From: Michael Sperberg-McQueen <U35395@UICVM.UIC.EDU>
Date: Tue, 29 Oct 96 17:39:05 CST
To: W3C SGML Working Group <w3c-sgml-wg@w3.org>
Message-Id: <199610292353.SAA19721@www10.w3.org>

On Fri, 25 Oct 1996 22:41:12 -0400 <lee@sq.com> said:
>Tim Bray
>> Making XML markup case-sensitive is
>> clearly the *right* thing to do,
>
>I agree.

As do I.  I also think it's the most practicable thing to do.  We
will never have less XML legacy data to worry about than we do now
-- so it will never be easier to introduce case sensitivity
throughout the markup language than it is now.

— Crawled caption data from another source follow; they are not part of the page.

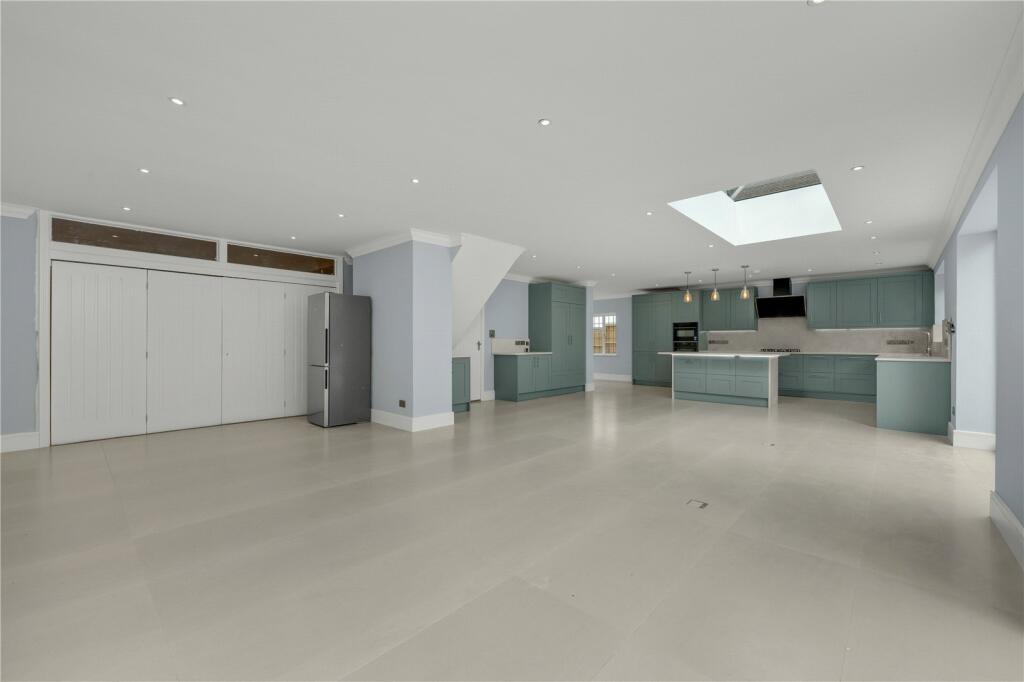 Fairlawn Close, Claygate, Esher, Surrey, KT10 image 3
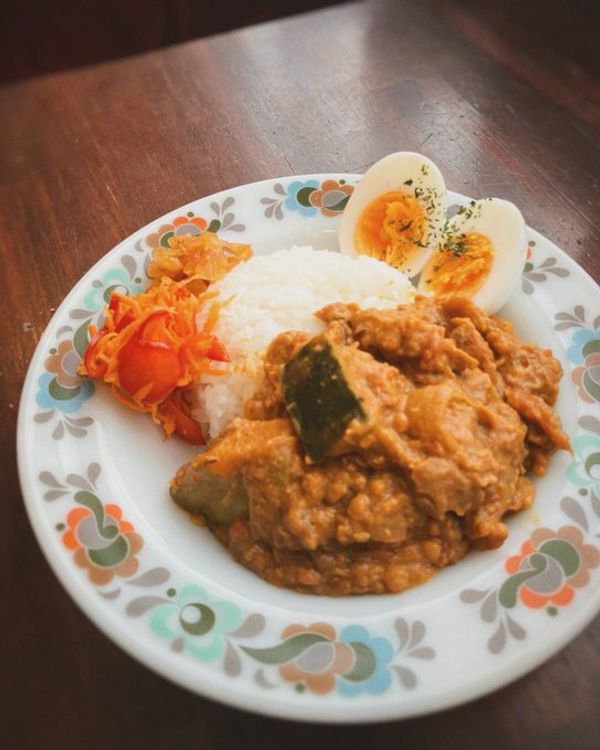 カレー(週末のみ)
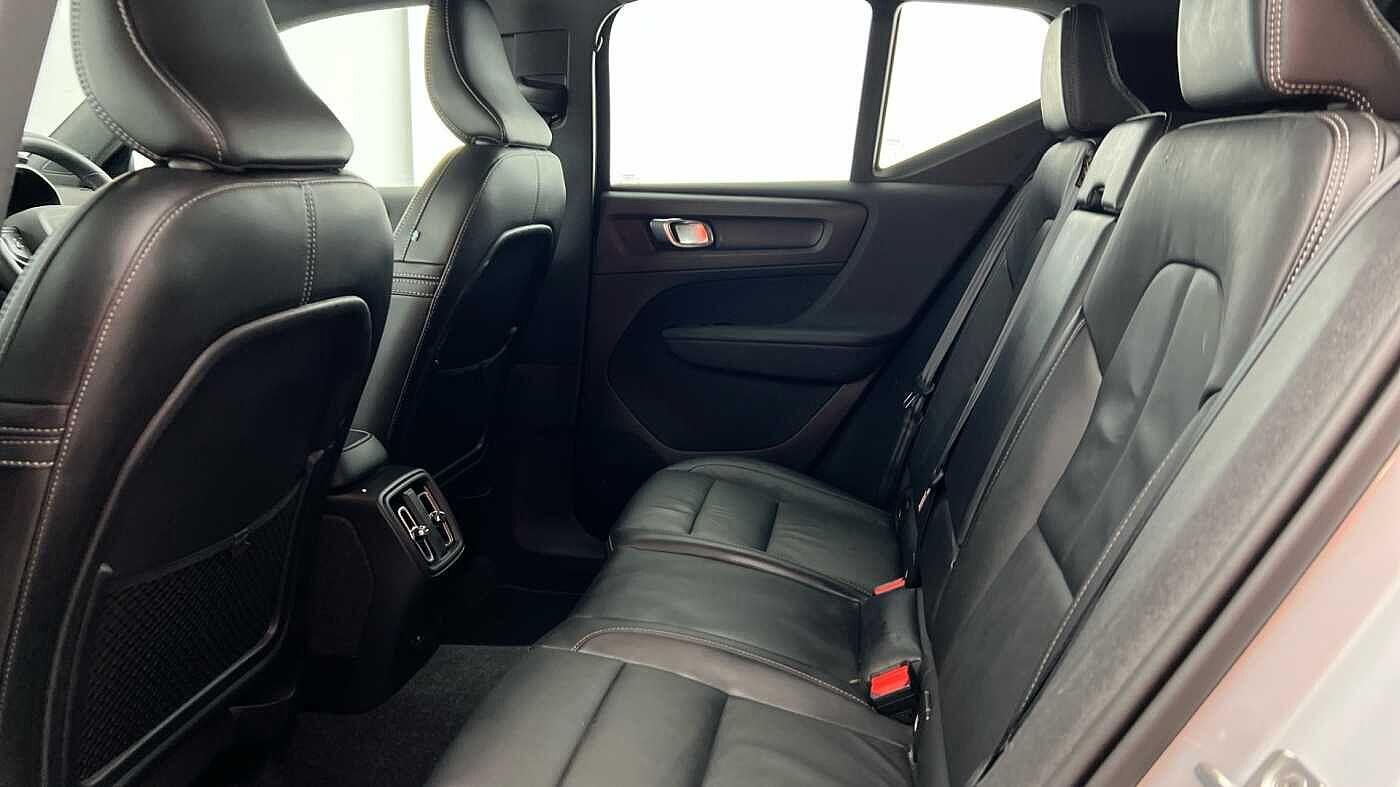 Used Volvo XC40 2021 for sale - 77091076: Photo 7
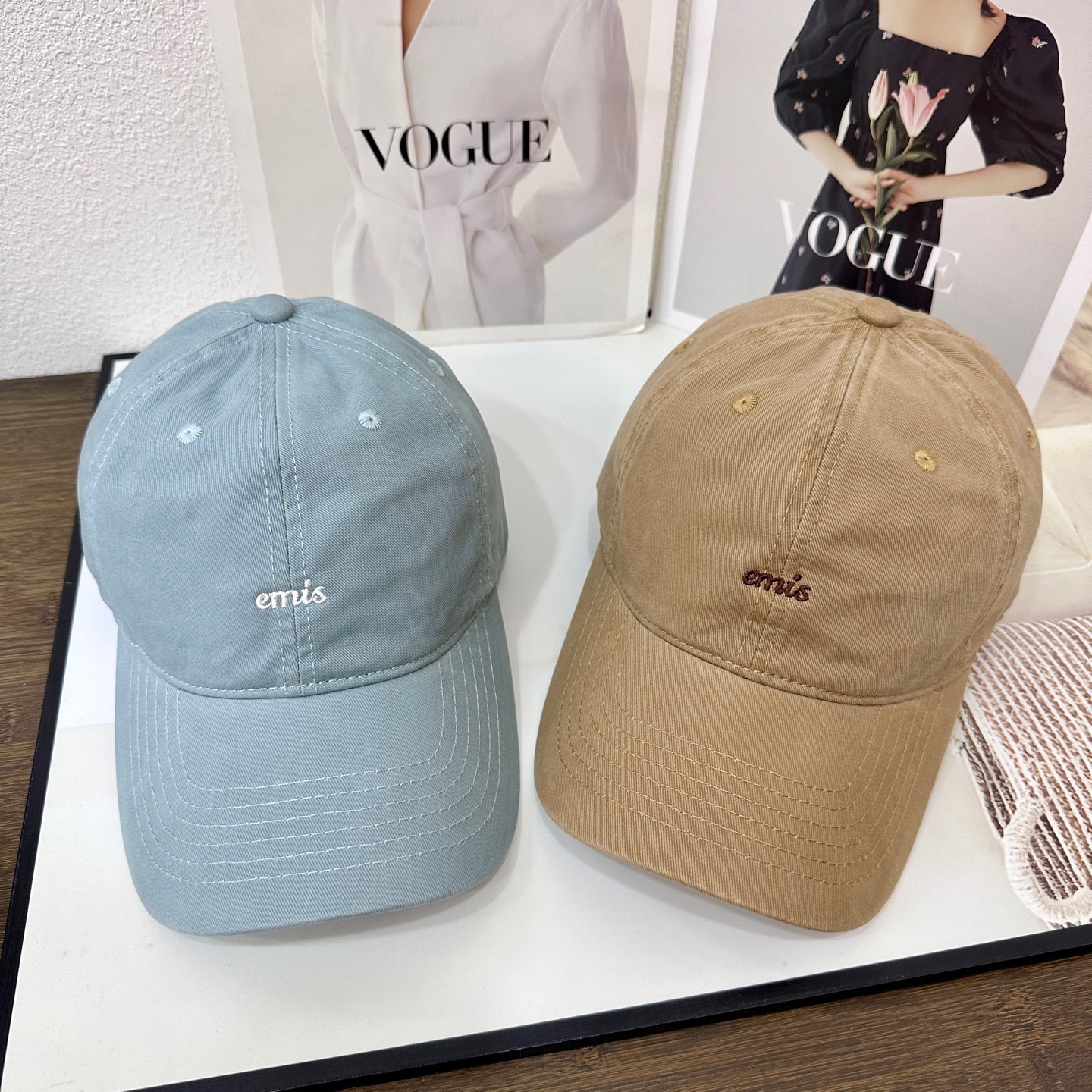 NO:348939,Running volume trendy brand ~ new style retro baseball cap pure cotton suitable for all seasons of the year!  The same style as men and women, full of simple and high-end feel!  Running model, close your eyes and rush!  Hat Straw Hat Fisherman Hat Baseball Hat, Hats, espadrilles, hats跑量 潮牌～新款 复古棒球帽 纯棉 适合一年四季！ 男女同款,简约高级感满满！ 跑量款 闭眼冲！帽子草帽渔夫帽棒球帽,帽子,espadrilles,hats,hat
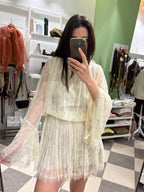 Abito corto in pizzo avorio con maniche ampie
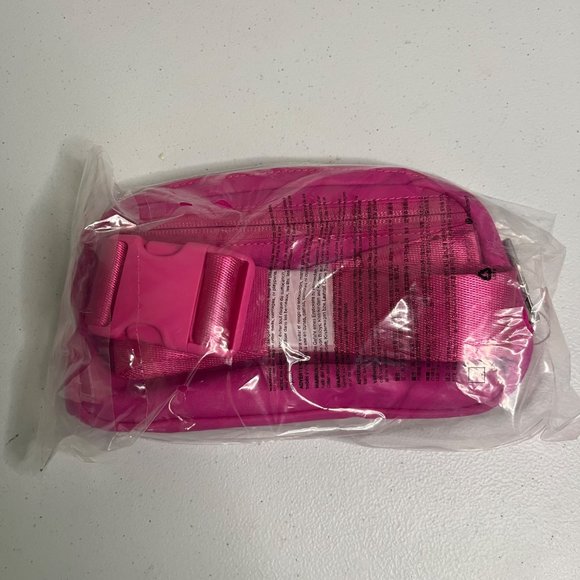 Lululemon Athletic Everywhere Belt Bag 1L Sonic Pink NWT One Size - Picture 4 of 11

>> but adds a lot of work for those who
>> want to interoperate with SGML and especially HTML.
>
>Well, the internationalised HTML working group is facing the same issue
>at exactly this moment, and seems to have reached the same conclusion:
>It looks like I18N HTML will have to have NAMECASE NO.

Let's go with them.

>> Failing that, I don't suppose there's any support for going back to
>> 7-bit characters, just for GI's and attribute names?
>
>If it would help, I would support it.

If we *have* to have case folding, which I strenuously dispute, then
the simplest fallback is to use the default case-folding tables of
the Unicode Consortium, which are not hard to get (they come on the
CD when you buy the book, nowadays, and I suspect they're even on
the net somewhere).  As the Unicode Standard Version 2.0 says
(section 4.1, Case, p. 4-2):  "In a few instances, upper- and
lowercase mappings may differ from language to language between
writing systems that employ the same letters.  Examples include
Turkish (... [dotted and dotless I]) and French (...).  However, in
general the vast majority of case mappings are uniform across
languages."

I don't think case-folding is essential to the utility or success of
XML.  Even if it is, though, I don't think it's more important than
internationalization.

Let's all take a deep breath.  Case-sensitive element names,
attribute names, attribute values.  We can live with that.  Element
names restricted to a subset of the alphabet (say, A-J, all
uppercase)?  I couldn't live happily with that, and I can't see
asking the native speakers of every language but English and Latin
to do so.


-C. M. Sperberg-McQueen

Received on Tuesday, 29 October 1996 18:53:20 UTC